This architecture achieves very close to 4 Gsps performance. It is slightly less because of the number of cycles spent for initialization when the kernels are called. This performance increases when the frame length is increased.

# Vitis Model Composer implementation¶

In the directory vitis_model_composer launch Vitis Model Composer with the comman model_composer. There are 2 designs in this directory:

• SingleStreamSSR.slx

• SingleStreamSSRwithPL.slx

The first one is the 4 phases SSR built in the AI Engine array using the AIE blockset of Vitis Model Composer. The design is fed from pure Simulink blocks and the result is diplayed in a scope to verify that the difference with the pure floating-point Simulink implementation is not too high. At the same time the signal is sent through a spectrumscope to verify the output spectrum.

The second design contains the previous design but, to show what would be a real hardware implementation,the input and the output of the AI Engine array are a Programmable logic design created with the HDL blockset:

• Input:

• The 32-bit 4 Gsps input sample rate is divided into 8 branches @500MHz to feed the PL as for a standard ADC.
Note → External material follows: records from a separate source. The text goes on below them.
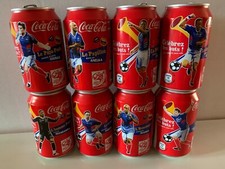 LOT 8 CANETTES COCA COLA WORLD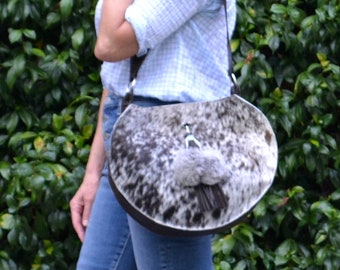 SALE** (was 178.00) -- Large round bottom salt and pepper hair-on cowhide bag with removable tassel ornament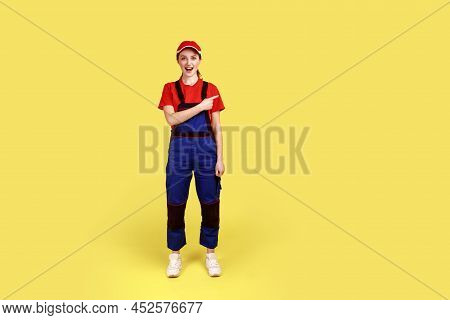 Full Length Portrait Of Excited Amazed Handy Woman Standing And Pointing Finger Away, Showing Copy S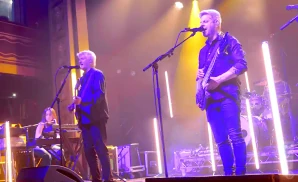 mike gordon playing the bass while singing on stage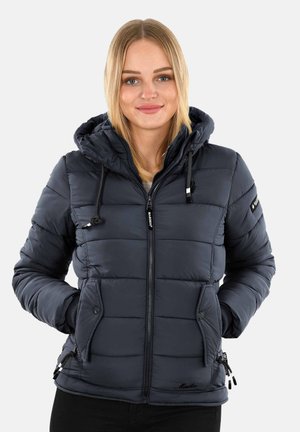 Femme portant une veste à capuche matelassée bleu marine avec des poches zippées et à pression, souriant avec les mains dans les poches contre un fond uni.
• These 8x 32-bit branches are recombined into 4x 64-bit phases and sent into FIFOs.

• Actually there are 2 FIFOs per phase which contains exactly the same data to feed 2 branches that will be consumed on the AI Engine array side at different instants. Two consecutive rows of the array being oriented in opposite ways in hardware, even and odd rows do not consume the data at the same timestamps due to the fact that the latency since the first block of the cascade chains are different.

• Output:

• The FIFOs are there to resynchronize the various branches in order to get a clean, well ordered output signal

Before and after the PL we have the same source signal and sinks (scope and spectrumscope) to verify the functionality of the AI Engine+PL design.